Уже легла первая темнота, когда он вернулся в свою берлогу и сразу заснул.

Ему сон приснился. В поздний час, в сумерках, он идет по шоссе, вроде пьяный уже и не пьяный еще, но не в себе какой-то, затуманенный от воспоминаний, потому что только что в мыслях побывал в родной деревне, никого там не встретил, лишь на хоздворе увидел отощавшего Полкана, который прильнул к его ногам, скуля, и Карюхин даже посидел с ним в пустом коровнике, рассказал о своем житье-бытье, а Полкан в ответ скулил и повизгивал, прижимаясь к нему, и Карюхину так стало жалко Полкана и себя, что он тоже поскулил вместе с ним и даже повыл от тоски и безысходности. И вот он шел по шоссе, возвращаясь к себе на свалку с грустной душой и печалью. Его нагнал автобус, полупустой, с незнакомыми людьми, он спросил, куда едет автобус, никто ему не ответил, он еще раз спросил, и снова люди не ответили, сидели как неживые, как куклы, с остекленевшими глазами. Так долго ехали в молчании, без остановок, наконец автобус затормозил, открылись дверцы, водитель сказал: «Конечная остановка. Счастливое кладбище». Карюхин вылез на дорогу, однако за ним никто не пошел, дверцы закрылись, автобус развернулся и поехал обратно. Карюхин узнал место, куда он приехал, это была свалка, вон и сосна в овраге, и домик его…
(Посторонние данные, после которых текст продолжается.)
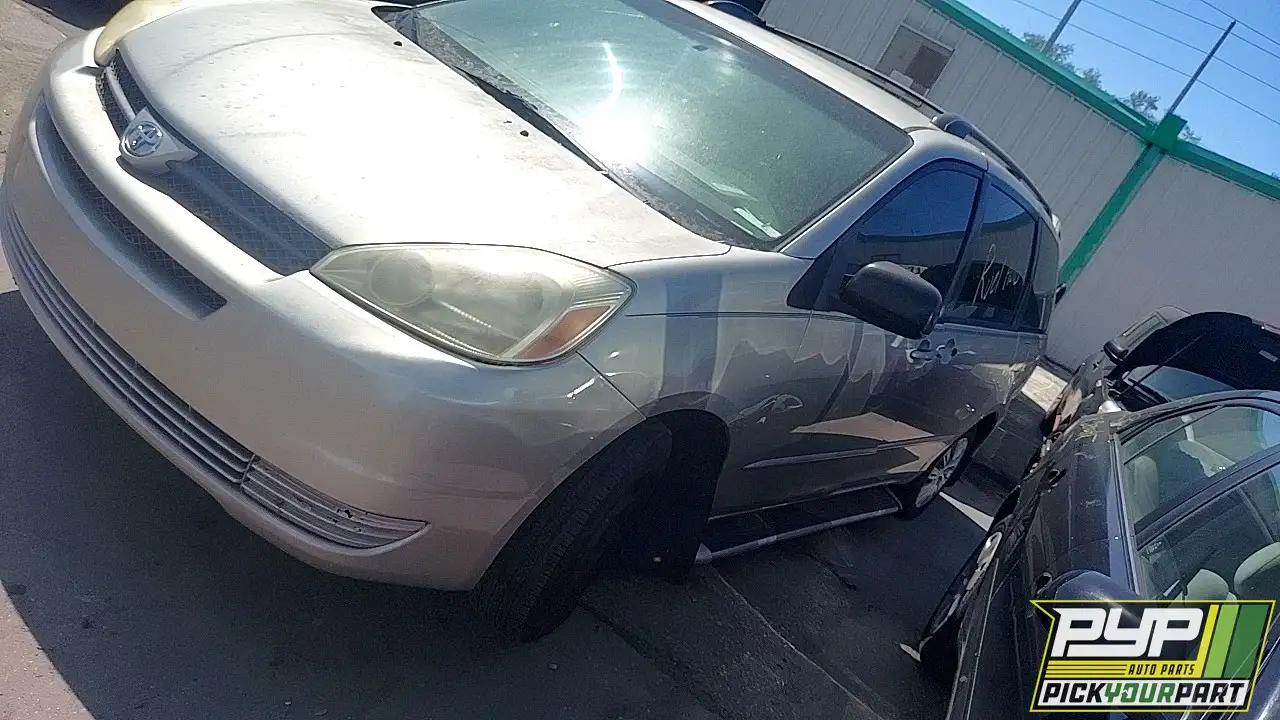 Photo of 2005 Toyota Sienna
Он проснулся с неясным чувством тревоги, но и тихой радости оттого, что все же побывал в родных местах, повидал старого Полкана, когда-то строгого сторожа всего хозяйственного двора.

Сколько же он проспал? Уже была ночь. Ночь странная — все пространство пронизано белым лунным светом. Такой луны и такого ее свечения Карюхин не видел никогда, было что-то в этой туманной белой дымной яркости и таинственное, и жуткое, казалось, прозрачные облака спустились на землю и окутали все тонкой белесой душной пленкой. Он слышал, как из города, грохоча, один за другим приезжали самосвалы, сбрасывали строительный мусор и плыли обратно, будто большие лодки в лунной реке. Никогда их не было так много, как в эту жуткую, гулкую ночь, наполненную зыбким, почти мистическим сиянием, значит, в городе торопливо рушили старые ветхие дома перед каким-то праздником. Каким?

В скользком луче в проеме двери появилась, поводя мордой, крыса, по ее тяжелому заду было ясно, что это самец, ему навстречу выскользнула Клеопатра, настороженно подошла к пришельцу, обнюхала его зад, он приостановился, давая ей лучше насладиться своим запахом, повернулся и пошел за Клеопатрой по кругу, обнюхивая ее. Так он крутился за ней, она будто бы убегала, а на самом деле шла неторопливо, величественно, расслабленно. Но танец этот внезапно был прерван появлением еще одной крысы. Клеопатра отпрянула, а они ощерились, волосы на их теле поднялись, фыркая, они двинулись навстречу, остановились, поднялись на задние лапы, а передними стали бить друг друга. Одна из них завалилась набок, а другая стала безжалостно терзать ее, затем покрутила мордой, фыркая, и исчезла, а побежденная, вся в крови, осталась лежать. Карюхин поднял ее за хвост и бросил куда-то в белесое пространство.